Few people I’ve ever met speak with the gravitas of Yusef Komunyakaa. A conversation with him can be a meditative experience. The words wrap themselves around ideas rather than simply standing in for them. Rhythmically, he speaks in spacious jazz solos, allowing pauses to be as significant as the words themselves and letting the meaning of what he’s saying float between new questions and hints of possible answers. It is mesmerizing.

We were lucky enough to interview Mr. Komunyakaa for our free course “A Conversation with the Blues” taught by Princeton University’s Vince di Mura. For those who don’t know him, Mr. Komunyakaa is one of America’s most accomplished poets. He’s written countless award-winning works of poetry, often in an American vernacular, calling upon jazz and blues influences, African American experiences, imagery of the rural South, and other cultural traditions to weave stories that are at once dreamy and chilling. He was awarded the Pulitzer Prize for Poetry and the Kingsley Tufts Poetry Award in 1994 for his book Neon Vernacular: New & Selected Poems 1977-1989, which draws heavily upon his time spent as a soldier during the Vietnam War.

We talked to Yusef about the blues, the artists who make it, the traditions it draws upon, and the many meanings that can be found within it. You can watch the edited video from our blues course in the video above, watch all of our blues videos on our Youtube channel, and listen to the entire unedited conversation at the bottom of this article.

Here are just a few of my favorite pieces of wisdom that Yusef shared on the topic of the poetry of the blues…

Mystery and Surprise in the Blues

“We think we can get to the truth by the total erasure of mystery, and consequently we erase the deep questioning… I’ve been writing poems for a long time, and I refuse to have a straightforward narrative because I have to surprise myself. Otherwise I don’t think I would write. And that’s the same thing about the blues singer. I don’t think the blues singer would be singing if he or she is overly controlled.”

The Blues as a Feeling

“Often the blues singer was a storyteller as well. For the storyteller, the individual comes up with the words, possibly the refrain, BUT the feeling is discovered. And that is what propels the individual. The blues is a feeling.”

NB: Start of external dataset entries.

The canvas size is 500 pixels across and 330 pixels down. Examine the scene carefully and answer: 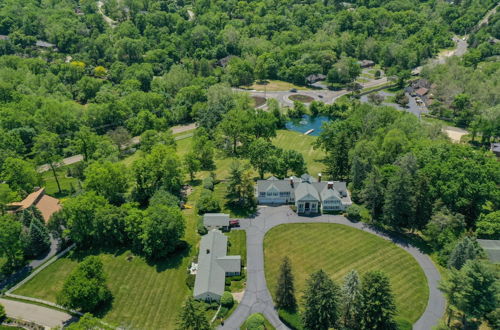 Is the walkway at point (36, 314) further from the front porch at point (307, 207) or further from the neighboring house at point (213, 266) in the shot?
the front porch at point (307, 207)

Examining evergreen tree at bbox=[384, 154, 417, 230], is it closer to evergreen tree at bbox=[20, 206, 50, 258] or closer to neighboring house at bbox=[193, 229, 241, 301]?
neighboring house at bbox=[193, 229, 241, 301]

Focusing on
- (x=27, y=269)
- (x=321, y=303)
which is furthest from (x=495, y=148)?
(x=27, y=269)

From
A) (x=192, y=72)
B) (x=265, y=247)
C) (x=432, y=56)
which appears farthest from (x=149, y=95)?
(x=432, y=56)

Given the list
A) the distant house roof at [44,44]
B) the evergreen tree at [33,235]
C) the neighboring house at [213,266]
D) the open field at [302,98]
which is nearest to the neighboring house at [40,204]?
the evergreen tree at [33,235]

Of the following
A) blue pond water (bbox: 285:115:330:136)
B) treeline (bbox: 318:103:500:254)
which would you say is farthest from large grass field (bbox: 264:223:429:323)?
blue pond water (bbox: 285:115:330:136)

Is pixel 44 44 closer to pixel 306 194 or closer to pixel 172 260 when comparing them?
pixel 172 260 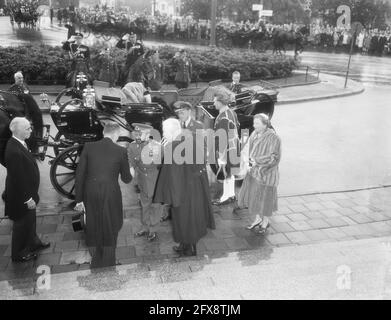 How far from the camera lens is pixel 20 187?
469 cm

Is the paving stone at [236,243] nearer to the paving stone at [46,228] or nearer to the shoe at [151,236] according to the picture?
the shoe at [151,236]

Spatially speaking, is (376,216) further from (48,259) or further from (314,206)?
(48,259)

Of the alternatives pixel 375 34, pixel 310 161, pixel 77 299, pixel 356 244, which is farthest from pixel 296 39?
pixel 77 299

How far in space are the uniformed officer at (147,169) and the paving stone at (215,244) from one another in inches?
28.4

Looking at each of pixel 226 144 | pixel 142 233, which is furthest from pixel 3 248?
pixel 226 144

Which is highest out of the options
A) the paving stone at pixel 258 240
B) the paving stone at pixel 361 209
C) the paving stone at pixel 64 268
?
the paving stone at pixel 361 209

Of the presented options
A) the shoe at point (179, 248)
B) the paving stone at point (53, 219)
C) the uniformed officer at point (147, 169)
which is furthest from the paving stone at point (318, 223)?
the paving stone at point (53, 219)

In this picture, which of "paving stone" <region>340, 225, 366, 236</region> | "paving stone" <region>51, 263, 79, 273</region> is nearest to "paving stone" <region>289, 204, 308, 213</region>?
"paving stone" <region>340, 225, 366, 236</region>

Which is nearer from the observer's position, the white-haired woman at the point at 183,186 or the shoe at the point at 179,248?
the white-haired woman at the point at 183,186

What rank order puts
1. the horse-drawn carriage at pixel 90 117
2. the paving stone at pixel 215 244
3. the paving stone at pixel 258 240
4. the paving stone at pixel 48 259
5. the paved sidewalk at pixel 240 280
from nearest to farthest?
the paved sidewalk at pixel 240 280
the paving stone at pixel 48 259
the paving stone at pixel 215 244
the paving stone at pixel 258 240
the horse-drawn carriage at pixel 90 117

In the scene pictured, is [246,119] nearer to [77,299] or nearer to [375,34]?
[77,299]

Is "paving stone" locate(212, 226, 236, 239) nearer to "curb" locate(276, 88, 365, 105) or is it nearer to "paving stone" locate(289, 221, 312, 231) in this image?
"paving stone" locate(289, 221, 312, 231)

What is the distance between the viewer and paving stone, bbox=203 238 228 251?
5.48 m

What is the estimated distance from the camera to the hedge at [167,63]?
15.1m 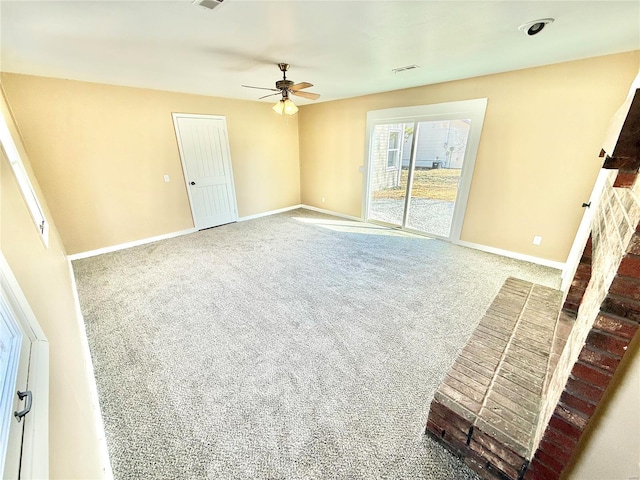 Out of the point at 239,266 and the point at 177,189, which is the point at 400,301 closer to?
the point at 239,266

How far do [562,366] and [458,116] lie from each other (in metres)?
3.44

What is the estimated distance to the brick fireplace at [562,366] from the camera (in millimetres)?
812

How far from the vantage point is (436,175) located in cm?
664

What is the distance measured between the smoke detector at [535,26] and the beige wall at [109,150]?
4295 millimetres

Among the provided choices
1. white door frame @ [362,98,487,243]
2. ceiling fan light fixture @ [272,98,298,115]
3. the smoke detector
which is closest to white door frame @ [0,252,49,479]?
ceiling fan light fixture @ [272,98,298,115]

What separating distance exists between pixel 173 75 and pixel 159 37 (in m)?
1.25

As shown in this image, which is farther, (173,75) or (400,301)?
(173,75)

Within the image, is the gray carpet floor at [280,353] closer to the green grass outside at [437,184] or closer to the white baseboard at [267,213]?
the white baseboard at [267,213]

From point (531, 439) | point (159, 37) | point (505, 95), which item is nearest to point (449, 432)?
point (531, 439)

The Sacred and the Profane

“We talk about the sacred and the profane within the context of the blues as well, because often on the weekday and Sunday some of these blues singers were very connected to the church. Saturday night was a different thing. It was a place of revision, but also it was a place of confrontation.”

The Blues as a Tool for Survival

“We have to think about signifying, how saying one thing means another. And I think it has something to do with, we can say, survival, when you can talk to elements of authority without being so direct, and yet you’re talking to everyone around that symbol as well. It has to do with surviving, code-switching. Language is political. Language is music. The body is an amplifier. So we feel the sound. The blues is the poetry of the soul.”